每个分区都有一个服务器充当“领导者”和零个或多个服务器充当“追随者”。leader处理所有对分区读写请求时followers就会被动复制这个leader的分区。如果这个leader发送故障，这些followers中的一个将自动的成为一个新的leader。Each server acts as a leader for some of its partitions and a follower for others so load is well balanced within the cluster.
Producers publish data to the topics of their choice. The producer is responsible for choosing which record to assign to which partition within the topic. This can be done in a round-robin fashion simply to balance load or it can be done according to some semantic partition function (say based on some key in the record). More on the use of partitioning in a second!
Consumers label themselves with a consumer group name, and each record published to a topic is delivered to one consumer instance within each subscribing consumer group. Consumer instances can be in separate processes or on separate machines.
If all the consumer instances have the same consumer group, then the records will effectively be load balanced over the consumer instances.
If all the consumer instances have different consumer groups, then each record will be broadcast to all the consumer processes.
A two server Kafka cluster hosting four partitions (P0-P3) with two consumer groups. Consumer group A has two consumer instances and group B has four.
More commonly, however, we have found that topics have a small number of consumer groups, one for each "logical subscriber". Each group is composed of many consumer instances for scalability and fault tolerance. This is nothing more than publish-subscribe semantics where the subscriber is a cluster of consumers instead of a single process.
更常见的，我们发现主题有一个小数量的消费群体one for each "logical subscriber"。
The way consumption is implemented in Kafka is by dividing up the partitions in the log over the consumer instances so that each instance is the exclusive consumer of a "fair share" of partitions at any point in time. This process of maintaining membership in the group is handled by the Kafka protocol dynamically. If new instances join the group they will take over some partitions from other members of the group; if an instance dies, its partitions will be distributed to the remaining instances.

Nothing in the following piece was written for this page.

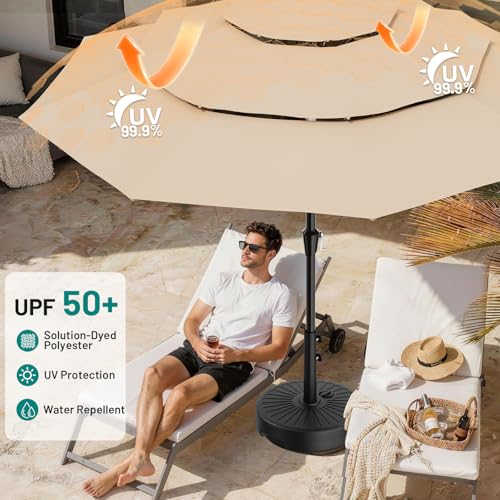 AreShark 9ft 3-Tier Patio Umbrellas, Outdoor Umbrella with 8 Sturdy Ribs UV Protection Windproof, Market Table Umbrella w/Push Button Tilt & Crank for Pool, Porch, Deck, Garden(Beige)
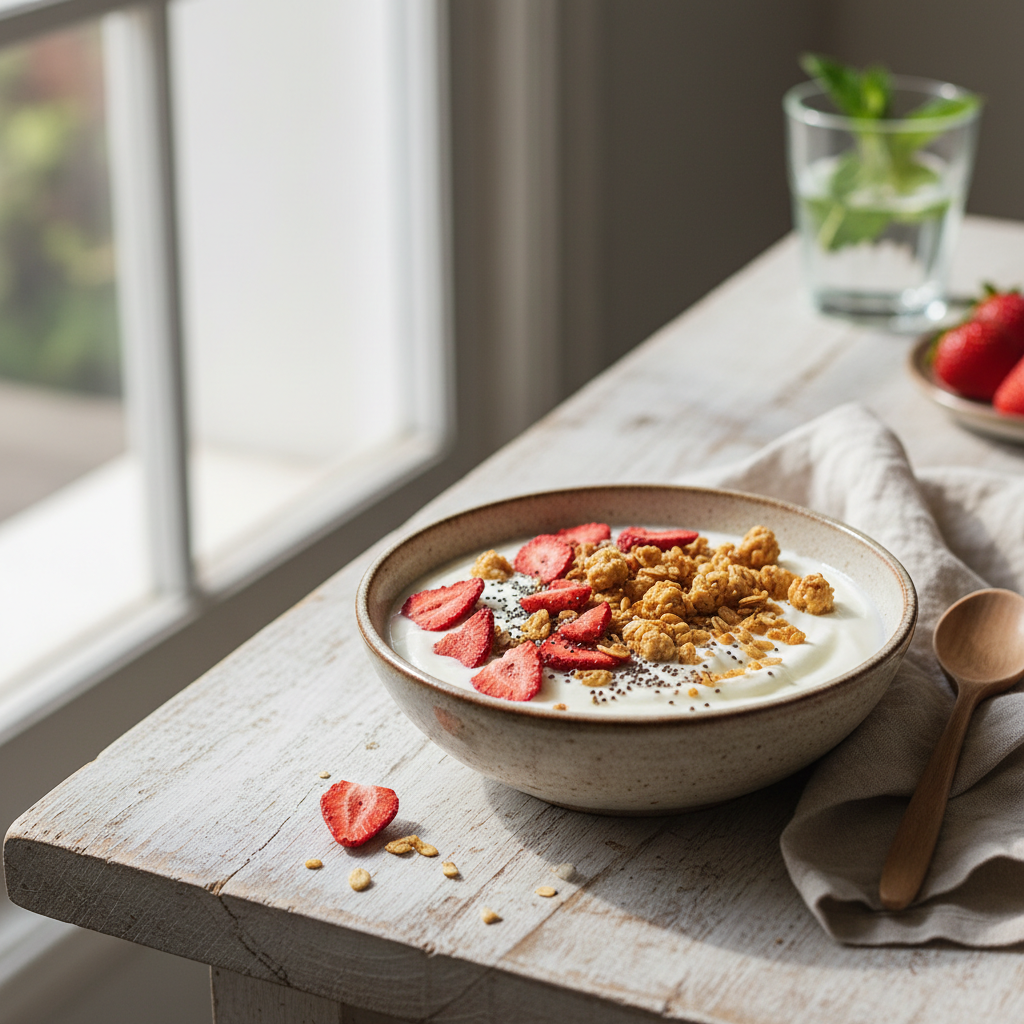 Fragole liofilizzate come topping su yogurt e granola per colazione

Kafka only provides a total order over records within a partition, not between different partitions in a topic. Per-partition ordering combined with the ability to partition data by key is sufficient for most applications. However, if you require a total order over records this can be achieved with a topic that has only one partition, though this will mean only one consumer process per consumer group.
At a high-level Kafka gives the following guarantees:
Messages sent by a producer to a particular topic partition will be appended in the order they are sent. That is, if a record M1 is sent by the same producer as a record M2, and M1 is sent first, then M1 will have a lower offset than M2 and appear earlier in the log.
A consumer instance sees records in the order they are stored in the log.
For a topic with replication factor N, we will tolerate up to N-1 server failures without losing any records committed to the log.
More details on these guarantees are given in the design section of the documentation.
老铁，你的--->推荐，--->关注,--->评论--->是我继续写作的动力。 作者：刘洋 合作微信号：intsmaze 本文版权归作者和博客园共有，欢迎转载，但未经作者同意必须保留此段声明，且在文章页面明显位置给出原文连接，否则保留追究法律责任的权利。